Türkiye’de en yoksul kesimin kadın olması tesadüf değildir. Kadın yoksulluğunun temel sebebi cinsiyet temelli ayrımcılıktır. Bugün yaşanan bu yoksulluğun sebebi iktidarın kadın düşmanı politikası ile ekonomik tercihleridir. Kadınlar yoksulluk ve açlıkla boğuşurken, güvencesiz ve son derece kötü koşullarda emek vererek hayatta kalmaya çalışırken tek adam rejimi yüz milyon dolarları operasyonlara harcamakta, ülke kaynaklarını çetelere peşkeş çekmektedir. Ancak kadınlar bu devranın böyle dönmesine izin vermeyecek.

Suriye hate hilweşandin Esad ji bo desthilatdariya xwe hilbijartinan pêktîne

Endamên birêz ên çapemeniyê; Piştî şerê deh salan ê li Sûriyeyê, du roj berê li Sûriyeyê hilbijartin pêk hat. Di nava deh salan de pirsgirêk û aloziyên gelek mezin çêbûn. Di encama şer û pevçûnan de bi hezaran kes jiyanên xwe ji dest dan û bi mîlyonan welatiyên Sûriyeyê koçber bûn, bi dehan bajar hatin tarûmarkirin. Hîn jî çete û DAIŞ li ser axa Efrînê ne û Efrînê dagir dikin.

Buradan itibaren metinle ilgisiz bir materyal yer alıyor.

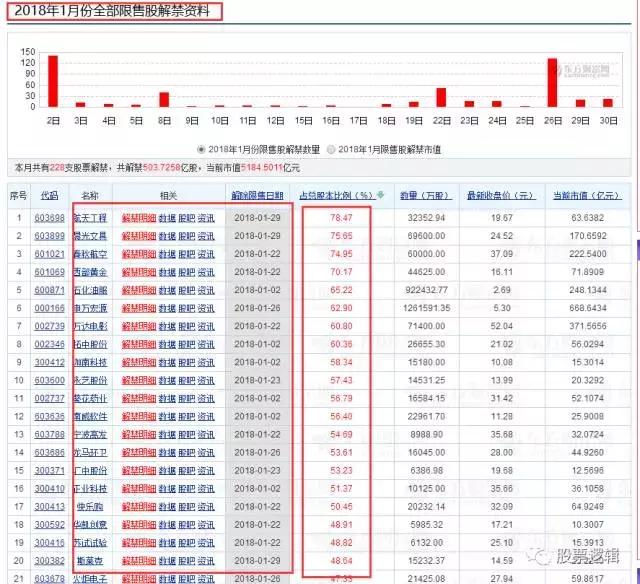 炒股那么难为什么有人几万做几亿,炒股很难赚到钱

Nasnameya Kurdan hîn jî nehatiye naskirin.

Digel van pirsgirêkan Esad hilbijartinkek çêkir. Herêmên ku di bin kontrola rejîmê de ne, ji sisêyan yek ji erda  Sûriyeyê jî nînin. Û ev hilbijartin li vê herêma biçûk pêk hat û alîgirên Esad li ser sindoqan kom bûn. Û wek li Tirkîyeyê çêbû alîgiran di şûna gelek kesan de ray bi kar anîn.

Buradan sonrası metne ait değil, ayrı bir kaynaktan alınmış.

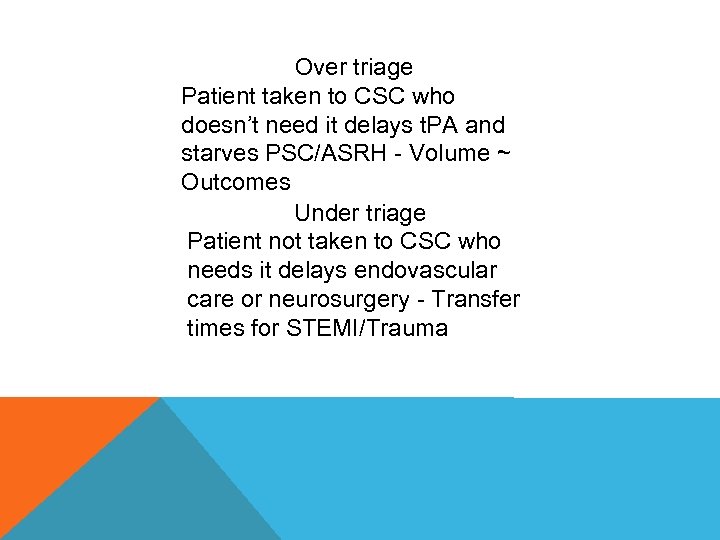 Over triage Patient taken to CSC who doesn’t need it delays t. PA and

Hilbijartinên ku li Suriyeyê hatin lidarxistin meşrû nîne

Esad ev hilbijartin ji bo desthilatdariya xwe pêk anî. Di hilbijartinê de îradeya hemû gelên Sûriyeyê nehatiye naskirin û lewma ev hilbijartin ne meşrû ye. Ev hilbijartin lîstikek e û jixwe rêveberiya Rojava jî nehişt li Rojava sindoq bên danîn. Berî her tiştî divê Rêveberiya Xweser bê naskirin û statuya Kurdan li Sûriyeyê bi awayekî qanûnî bê binavkirin. Divê ji bo kesên ku koçber bûne bi awayekî ewle vegerin welatê xwe xebatên siyasî berdewam bikin, divê hemû çete ji ser axa Rojava bên derxistin û pêşî li dagirkirina axa Rojava bê girtin.